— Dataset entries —
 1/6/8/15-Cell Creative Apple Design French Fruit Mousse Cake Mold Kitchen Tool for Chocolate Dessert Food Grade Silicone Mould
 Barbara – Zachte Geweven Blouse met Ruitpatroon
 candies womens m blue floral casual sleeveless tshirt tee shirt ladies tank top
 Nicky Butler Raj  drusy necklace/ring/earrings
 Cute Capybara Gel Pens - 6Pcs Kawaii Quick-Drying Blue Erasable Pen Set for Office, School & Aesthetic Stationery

— EXERCISE GOAL —
Set down exactly the lines from the one that contains "Nicky Butler Raj" to the final line above, both included, and nothing more.

— OUTPUT OF THE TASK —
 Nicky Butler Raj  drusy necklace/ring/earrings
 Cute Capybara Gel Pens - 6Pcs Kawaii Quick-Drying Blue Erasable Pen Set for Office, School & Aesthetic Stationery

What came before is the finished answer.